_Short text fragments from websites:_
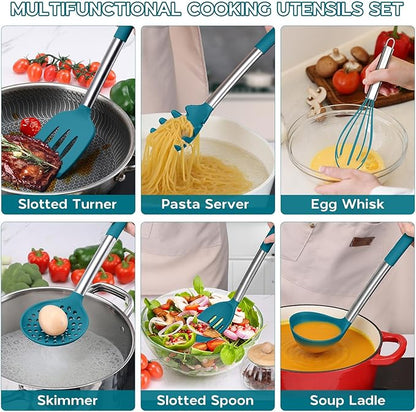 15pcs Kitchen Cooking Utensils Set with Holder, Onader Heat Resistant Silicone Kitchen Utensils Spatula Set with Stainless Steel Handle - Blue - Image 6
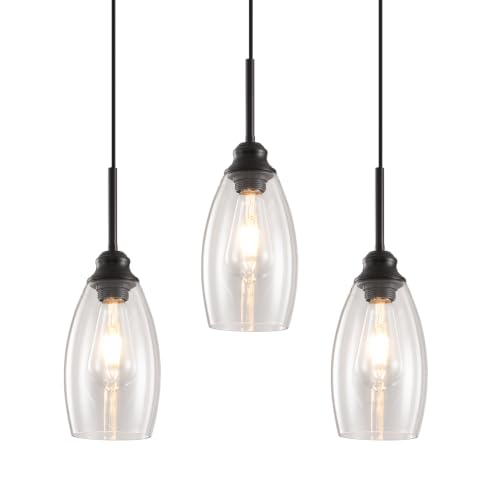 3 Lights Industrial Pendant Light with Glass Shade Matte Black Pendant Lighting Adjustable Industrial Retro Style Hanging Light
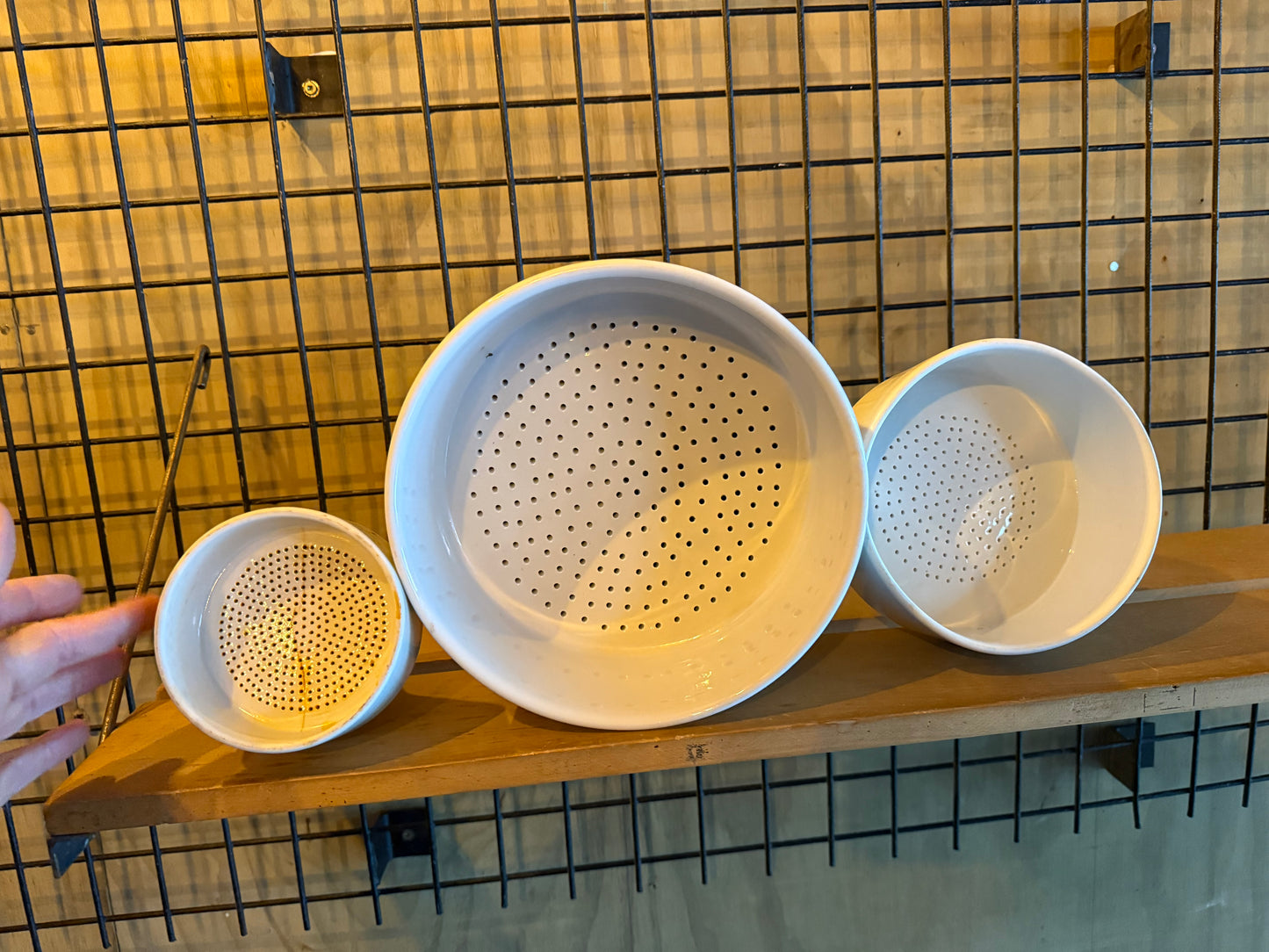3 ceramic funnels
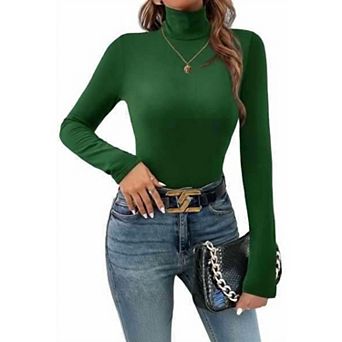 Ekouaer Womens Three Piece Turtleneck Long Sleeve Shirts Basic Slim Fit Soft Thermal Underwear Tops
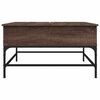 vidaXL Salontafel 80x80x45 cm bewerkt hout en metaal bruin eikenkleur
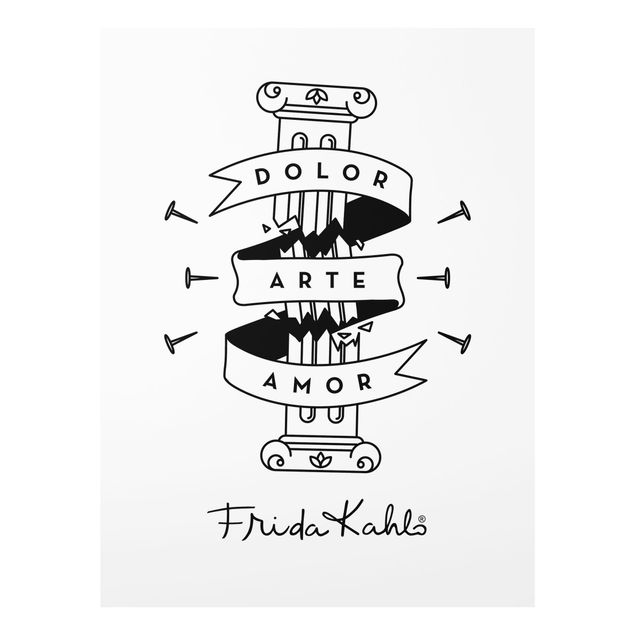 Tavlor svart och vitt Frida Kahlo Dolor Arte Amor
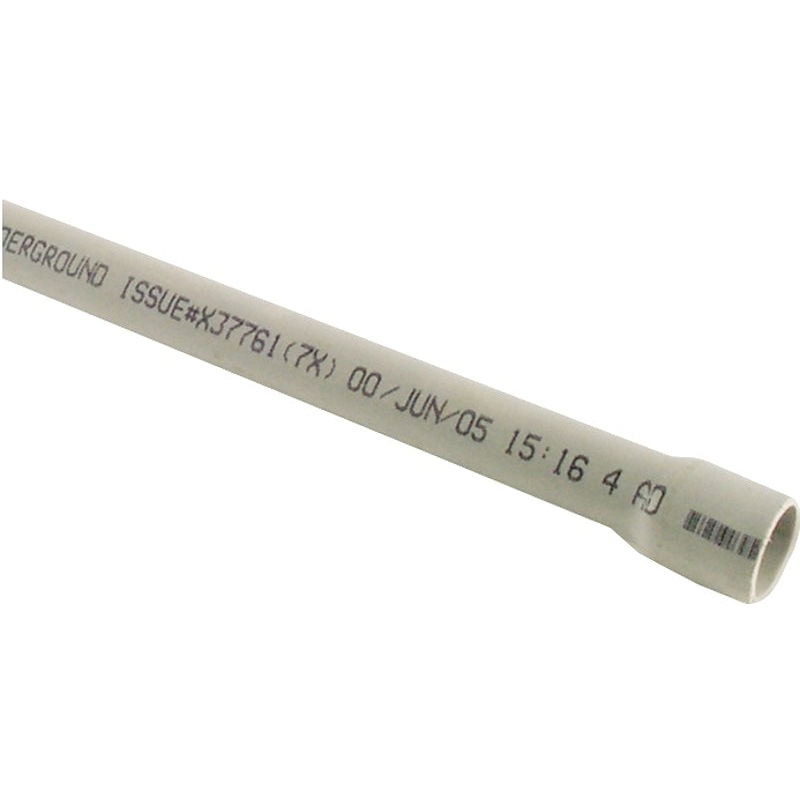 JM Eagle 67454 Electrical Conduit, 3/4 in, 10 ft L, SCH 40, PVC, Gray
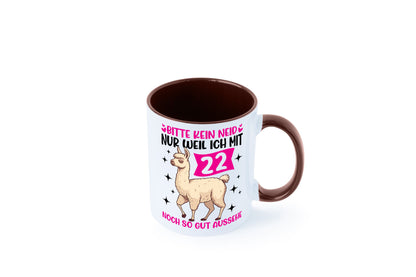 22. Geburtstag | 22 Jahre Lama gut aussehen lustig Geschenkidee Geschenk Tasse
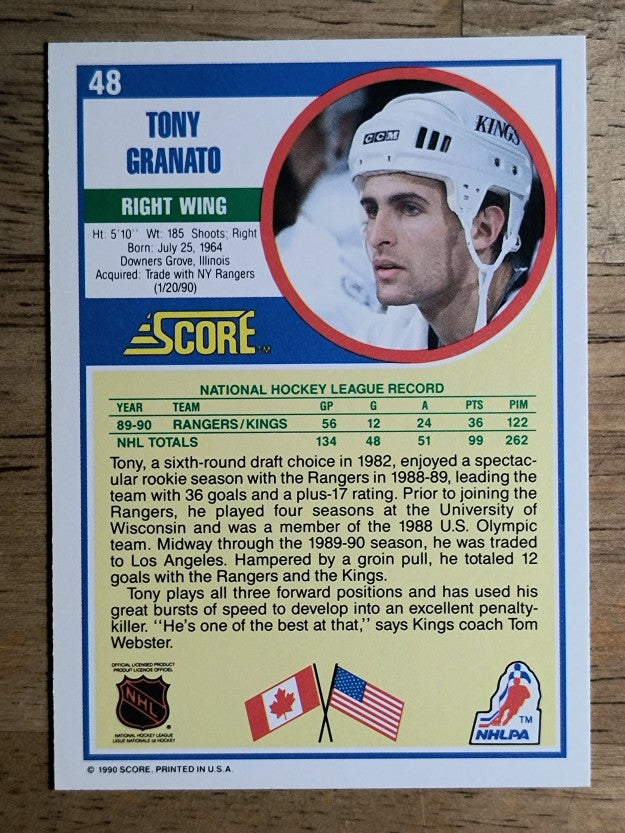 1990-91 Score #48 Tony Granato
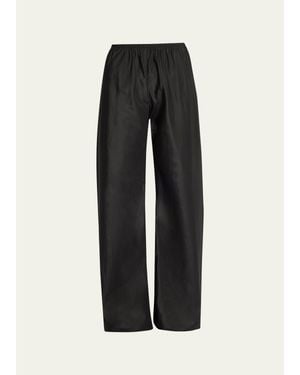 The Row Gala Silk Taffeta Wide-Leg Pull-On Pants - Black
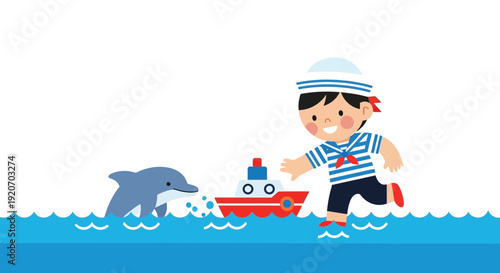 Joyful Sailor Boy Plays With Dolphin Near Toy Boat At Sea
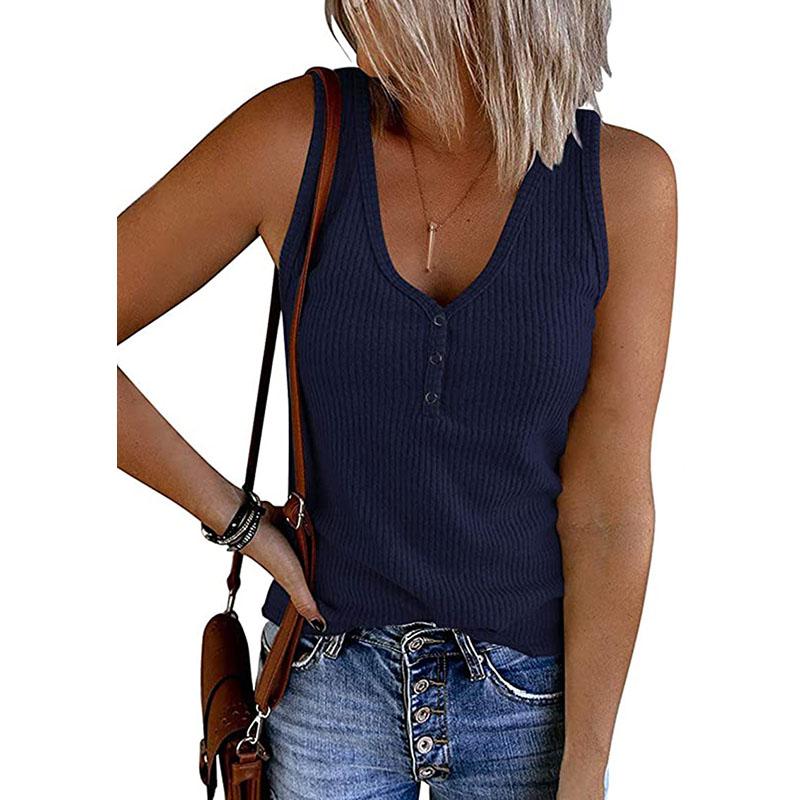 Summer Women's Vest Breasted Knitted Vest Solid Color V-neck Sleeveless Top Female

_TRY IT:_
Omit the pictures and please write out exactly the lines between the one containing "vidaXL Salontafel 80x80x45" and the last line of the entries, both included.

_YOUR RESPONSE:_
 vidaXL Salontafel 80x80x45 cm bewerkt hout en metaal bruin eikenkleur
 Tavlor svart och vitt Frida Kahlo Dolor Arte Amor
 JM Eagle 67454 Electrical Conduit, 3/4 in, 10 ft L, SCH 40, PVC, Gray
 22. Geburtstag | 22 Jahre Lama gut aussehen lustig Geschenkidee Geschenk Tasse
 1990-91 Score #48 Tony Granato
 The Row Gala Silk Taffeta Wide-Leg Pull-On Pants - Black
 Joyful Sailor Boy Plays With Dolphin Near Toy Boat At Sea
 Summer Women's Vest Breasted Knitted Vest Solid Color V-neck Sleeveless Top Female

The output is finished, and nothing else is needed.